Future vision for AI in maintenance

Samy Mohamed shared a compelling vision of the future: a fully integrated maintenance ecosystem where AI not only monitors equipment health but also autonomously triggers spare parts orders and schedules interventions. In this scenario, machines communicate their needs, “my bearing is wearing out”, and the system responds by initiating the right actions at the right time. This vision reflects a shift from reactive to predictive maintenance, with AI as the orchestrator of seamless, data-driven operations.

Stefan Schaedlich emphasized the importance of achieving transparency in inventory management and connecting sites across Europe to unlock shared potential and reduce inefficiencies. His vision is rooted in the belief that digital tools must replace outdated, person-dependent processes to reduce errors and save time. He underscored the need to modernize while ensuring that experienced employees are not left behind.

“In the past, a lot was done via people, which was a good thing because we simply didn’t have the tools to do it and now we have to take the step and we also have to take the older employees with us… switch off the old habits, establish the new tools and perhaps also try to incorporate the knowledge of the old into the new systems.”

Stefan Schaedlich
'Head of Maintenance Assembly | Volkswagen

Forward-looking applications, such as “Speak to your data,” highlighted by Andreas Veil (Südzucker), promise practical solutions, for example, in identifying alternative spare parts or optimizing delivery times. The way to achieve this is by systematically improving the database. With clean and standardized data, AI can help maintenance teams make smarter decisions by querying data directly:

  • Which alternative part can I use?
  • Where is this part available faster?
  • What’s the best substitute for an out-of-stock item?

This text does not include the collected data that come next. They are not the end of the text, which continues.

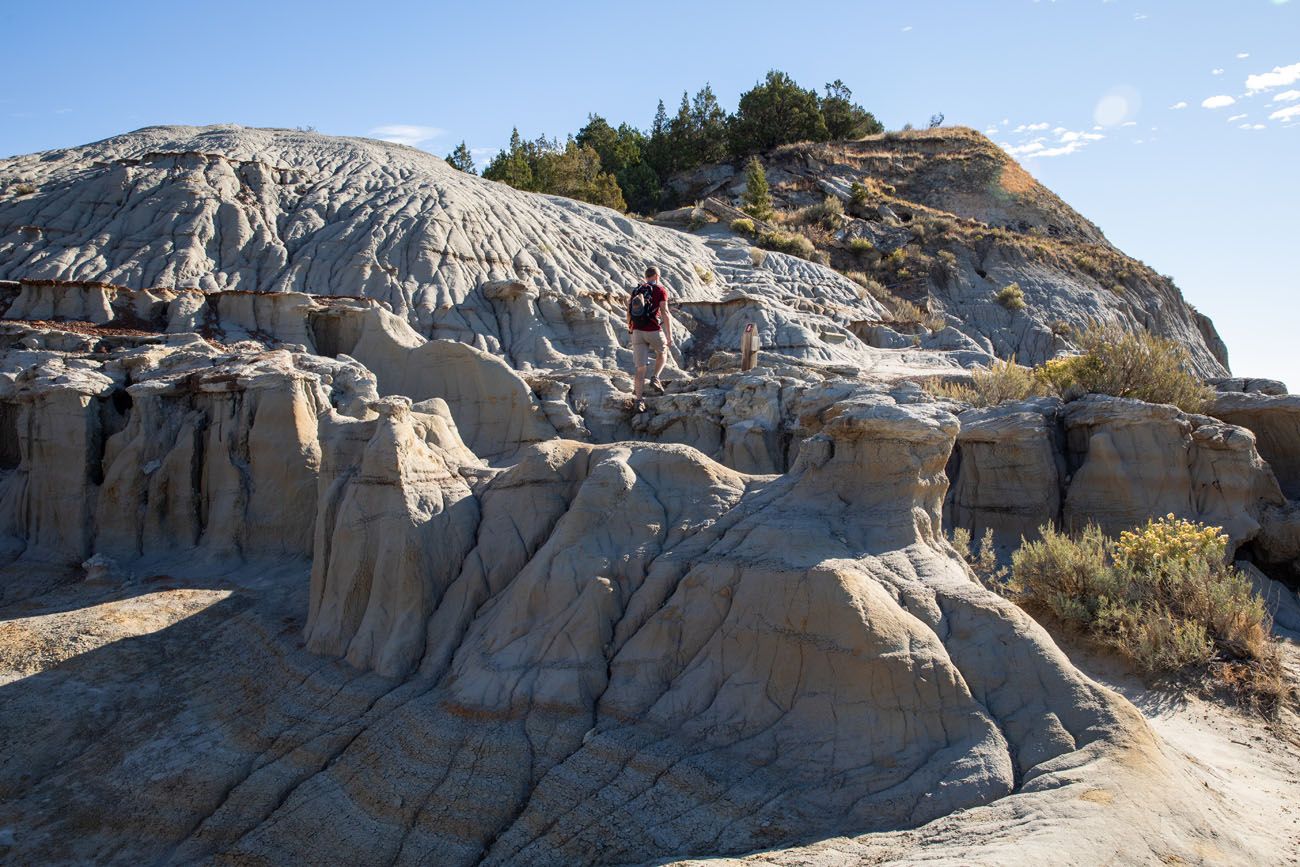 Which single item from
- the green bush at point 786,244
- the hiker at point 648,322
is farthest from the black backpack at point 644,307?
the green bush at point 786,244

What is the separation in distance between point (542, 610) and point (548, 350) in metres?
13.5

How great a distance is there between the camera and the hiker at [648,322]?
14.3 m

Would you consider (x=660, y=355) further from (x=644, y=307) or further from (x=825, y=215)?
(x=825, y=215)

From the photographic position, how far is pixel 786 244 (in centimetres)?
3594

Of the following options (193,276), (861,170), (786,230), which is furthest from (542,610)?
(861,170)

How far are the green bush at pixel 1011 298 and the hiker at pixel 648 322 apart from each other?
983 inches

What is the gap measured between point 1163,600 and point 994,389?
255 inches

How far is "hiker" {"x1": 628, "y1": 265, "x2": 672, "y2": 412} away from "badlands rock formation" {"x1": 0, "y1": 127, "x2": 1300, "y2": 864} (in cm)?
80

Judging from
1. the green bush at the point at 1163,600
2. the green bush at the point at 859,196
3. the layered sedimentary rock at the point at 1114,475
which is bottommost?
the green bush at the point at 1163,600

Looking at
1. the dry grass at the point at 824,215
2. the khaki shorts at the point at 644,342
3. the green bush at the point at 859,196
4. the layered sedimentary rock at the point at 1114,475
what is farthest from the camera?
the green bush at the point at 859,196

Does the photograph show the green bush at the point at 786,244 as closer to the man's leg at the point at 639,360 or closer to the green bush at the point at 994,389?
the green bush at the point at 994,389

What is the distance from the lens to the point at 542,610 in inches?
305

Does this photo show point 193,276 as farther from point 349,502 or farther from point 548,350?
point 349,502

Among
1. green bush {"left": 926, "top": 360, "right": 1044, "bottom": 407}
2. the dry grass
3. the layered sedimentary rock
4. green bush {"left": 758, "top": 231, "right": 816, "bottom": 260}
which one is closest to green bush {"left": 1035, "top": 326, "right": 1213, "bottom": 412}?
green bush {"left": 926, "top": 360, "right": 1044, "bottom": 407} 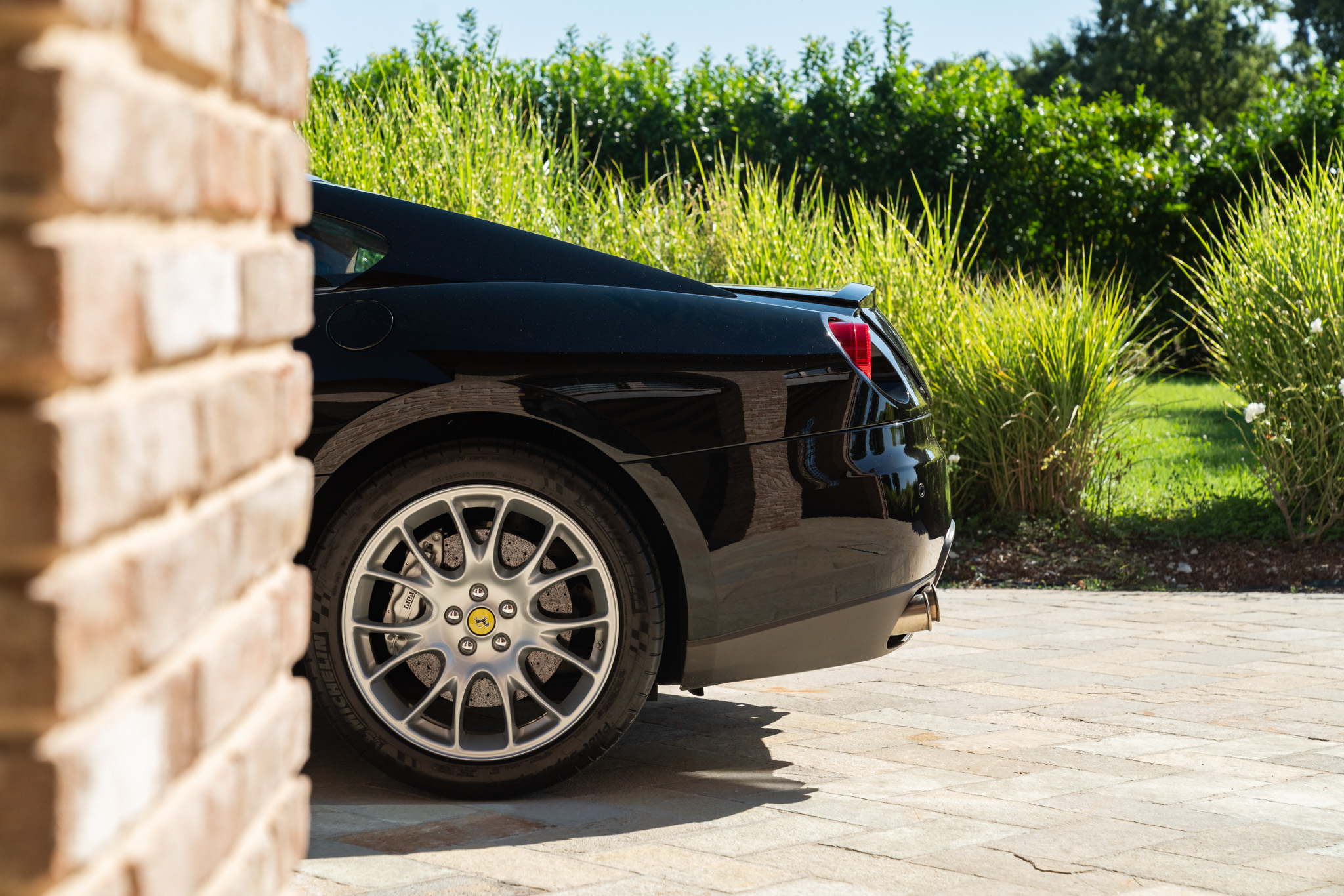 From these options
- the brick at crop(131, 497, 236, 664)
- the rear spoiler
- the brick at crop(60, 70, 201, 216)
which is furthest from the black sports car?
the brick at crop(60, 70, 201, 216)

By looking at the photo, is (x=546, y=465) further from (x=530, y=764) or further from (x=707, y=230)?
(x=707, y=230)

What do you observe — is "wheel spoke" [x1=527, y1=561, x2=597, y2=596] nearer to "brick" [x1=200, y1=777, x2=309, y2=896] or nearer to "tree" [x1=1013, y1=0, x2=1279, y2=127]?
"brick" [x1=200, y1=777, x2=309, y2=896]

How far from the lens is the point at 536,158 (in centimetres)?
973

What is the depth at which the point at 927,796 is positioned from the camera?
12.1 ft

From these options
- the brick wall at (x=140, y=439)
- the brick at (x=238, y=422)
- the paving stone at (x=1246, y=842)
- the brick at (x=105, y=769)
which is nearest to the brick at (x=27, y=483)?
the brick wall at (x=140, y=439)

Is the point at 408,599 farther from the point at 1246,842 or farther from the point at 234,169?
the point at 234,169

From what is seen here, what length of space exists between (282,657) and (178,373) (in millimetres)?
420

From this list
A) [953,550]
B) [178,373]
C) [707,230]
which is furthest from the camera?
[707,230]

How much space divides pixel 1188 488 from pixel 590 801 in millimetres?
6902

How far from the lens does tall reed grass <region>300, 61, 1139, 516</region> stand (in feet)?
26.8

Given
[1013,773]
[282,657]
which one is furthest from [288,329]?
[1013,773]

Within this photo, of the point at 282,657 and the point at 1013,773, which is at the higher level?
the point at 282,657

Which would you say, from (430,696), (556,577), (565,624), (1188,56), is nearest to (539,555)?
(556,577)

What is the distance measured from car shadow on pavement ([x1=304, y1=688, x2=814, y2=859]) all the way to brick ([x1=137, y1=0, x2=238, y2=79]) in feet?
8.03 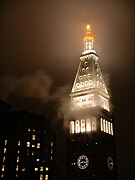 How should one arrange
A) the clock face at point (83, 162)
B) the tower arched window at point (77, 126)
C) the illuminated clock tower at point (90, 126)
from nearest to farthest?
the clock face at point (83, 162) < the illuminated clock tower at point (90, 126) < the tower arched window at point (77, 126)

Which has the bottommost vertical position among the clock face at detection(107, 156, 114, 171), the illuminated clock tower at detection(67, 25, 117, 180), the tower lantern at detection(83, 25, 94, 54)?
the clock face at detection(107, 156, 114, 171)

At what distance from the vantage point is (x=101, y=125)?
97.0m

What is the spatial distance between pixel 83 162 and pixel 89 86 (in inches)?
1113

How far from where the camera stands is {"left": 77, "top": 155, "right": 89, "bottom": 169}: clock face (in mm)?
89625

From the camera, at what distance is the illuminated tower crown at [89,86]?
101 meters

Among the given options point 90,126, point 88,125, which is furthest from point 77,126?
point 90,126

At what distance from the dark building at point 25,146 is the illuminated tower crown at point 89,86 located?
3276 cm

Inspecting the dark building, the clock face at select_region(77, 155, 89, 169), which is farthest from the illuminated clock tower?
the dark building

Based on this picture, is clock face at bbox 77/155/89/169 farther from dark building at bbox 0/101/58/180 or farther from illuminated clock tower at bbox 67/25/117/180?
dark building at bbox 0/101/58/180

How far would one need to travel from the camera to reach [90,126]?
319ft

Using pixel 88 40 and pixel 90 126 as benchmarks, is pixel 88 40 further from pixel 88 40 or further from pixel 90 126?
pixel 90 126

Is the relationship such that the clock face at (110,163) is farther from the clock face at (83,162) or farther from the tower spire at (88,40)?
the tower spire at (88,40)

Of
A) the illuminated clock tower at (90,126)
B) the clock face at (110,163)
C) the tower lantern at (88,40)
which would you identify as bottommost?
the clock face at (110,163)

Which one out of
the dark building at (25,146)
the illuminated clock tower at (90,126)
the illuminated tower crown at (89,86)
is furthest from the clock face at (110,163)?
the dark building at (25,146) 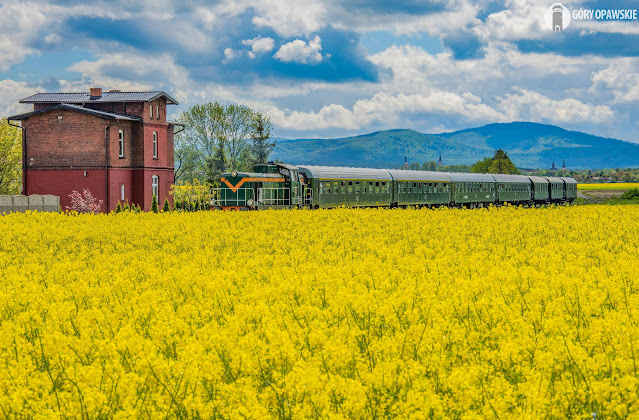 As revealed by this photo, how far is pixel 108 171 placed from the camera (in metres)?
52.1

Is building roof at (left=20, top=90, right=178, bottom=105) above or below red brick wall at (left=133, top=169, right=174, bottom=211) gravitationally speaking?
above

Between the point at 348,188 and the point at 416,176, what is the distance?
9.33m

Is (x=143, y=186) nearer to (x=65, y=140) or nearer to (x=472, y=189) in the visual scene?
(x=65, y=140)

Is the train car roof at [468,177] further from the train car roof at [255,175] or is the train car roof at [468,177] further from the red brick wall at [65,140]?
the red brick wall at [65,140]

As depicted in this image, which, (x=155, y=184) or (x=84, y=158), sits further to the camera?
(x=155, y=184)

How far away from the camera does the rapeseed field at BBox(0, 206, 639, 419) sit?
6.05m

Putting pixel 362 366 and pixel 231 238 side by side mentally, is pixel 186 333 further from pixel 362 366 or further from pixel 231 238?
pixel 231 238

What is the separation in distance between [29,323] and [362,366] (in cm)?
532

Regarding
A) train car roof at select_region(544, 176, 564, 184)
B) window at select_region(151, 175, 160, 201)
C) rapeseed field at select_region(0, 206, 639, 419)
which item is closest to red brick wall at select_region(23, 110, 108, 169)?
window at select_region(151, 175, 160, 201)

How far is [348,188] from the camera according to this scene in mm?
45531

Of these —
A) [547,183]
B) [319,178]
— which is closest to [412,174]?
[319,178]

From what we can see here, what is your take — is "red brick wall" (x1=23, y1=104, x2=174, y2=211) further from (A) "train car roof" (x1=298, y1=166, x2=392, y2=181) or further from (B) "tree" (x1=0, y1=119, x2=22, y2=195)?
(B) "tree" (x1=0, y1=119, x2=22, y2=195)

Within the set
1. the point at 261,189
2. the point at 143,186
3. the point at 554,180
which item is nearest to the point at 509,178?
the point at 554,180

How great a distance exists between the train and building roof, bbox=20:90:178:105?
46.7 ft
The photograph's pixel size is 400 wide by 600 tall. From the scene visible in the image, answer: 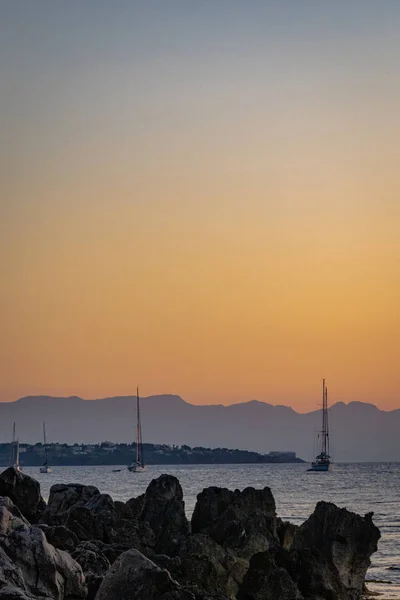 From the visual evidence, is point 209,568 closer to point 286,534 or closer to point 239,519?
point 239,519

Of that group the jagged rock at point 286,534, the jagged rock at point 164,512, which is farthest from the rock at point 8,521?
the jagged rock at point 286,534

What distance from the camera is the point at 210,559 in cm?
3738

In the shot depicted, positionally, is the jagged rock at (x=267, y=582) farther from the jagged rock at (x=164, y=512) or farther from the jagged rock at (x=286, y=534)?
the jagged rock at (x=286, y=534)

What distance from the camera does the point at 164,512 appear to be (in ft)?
159

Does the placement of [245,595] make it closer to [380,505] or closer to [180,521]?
[180,521]

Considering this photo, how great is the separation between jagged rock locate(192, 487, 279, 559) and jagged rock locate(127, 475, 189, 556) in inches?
41.8

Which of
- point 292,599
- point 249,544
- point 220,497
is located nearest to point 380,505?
point 220,497

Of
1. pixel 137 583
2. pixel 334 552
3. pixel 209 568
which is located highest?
pixel 137 583

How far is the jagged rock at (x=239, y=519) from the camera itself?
42344 millimetres

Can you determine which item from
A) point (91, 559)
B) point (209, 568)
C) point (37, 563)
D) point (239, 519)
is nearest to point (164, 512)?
point (239, 519)

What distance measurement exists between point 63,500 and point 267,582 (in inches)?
453

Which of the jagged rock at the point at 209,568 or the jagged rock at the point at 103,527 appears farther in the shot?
the jagged rock at the point at 103,527

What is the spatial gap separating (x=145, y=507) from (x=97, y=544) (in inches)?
539

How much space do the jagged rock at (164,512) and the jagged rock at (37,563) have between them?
1700 cm
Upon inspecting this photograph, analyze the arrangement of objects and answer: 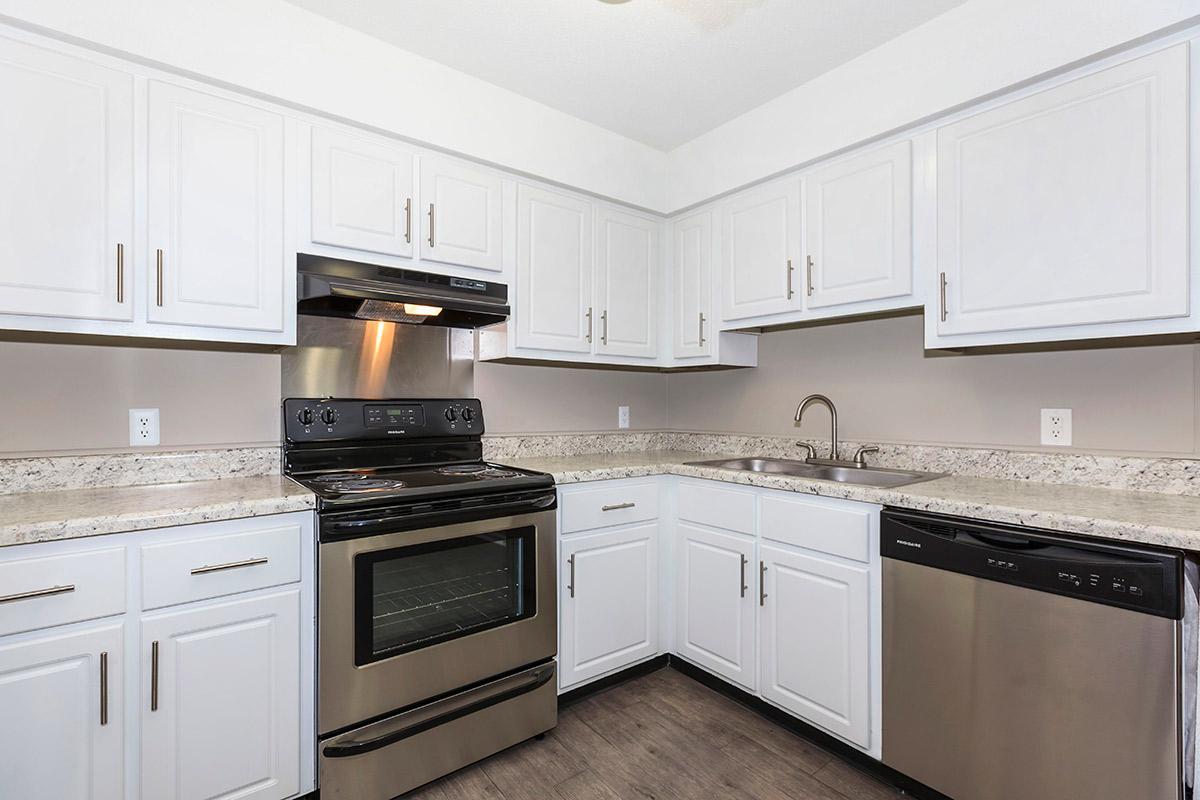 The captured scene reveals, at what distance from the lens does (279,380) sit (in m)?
2.18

These questions, once buried in complex systems like SAP, will be answered instantly if the data is clean and standardized.

Conclusion

The SPARETECH Summit 2025 made one thing clear: the future of maintenance lies in the synergy between people and technology. AI is already delivering value, mainly when supported by clean data, cross-functional collaboration, and a clear operational purpose. Human expertise remains key, especially as organizations face a generational shift and the risk of losing critical know-how. To succeed, companies must invest not only in technology but also in change management that promotes trust, transparency, and adoption. The journey toward AI-enabled maintenance is not about replacing people; it’s about empowering them to use their time for tasks that AI cannot yet solve.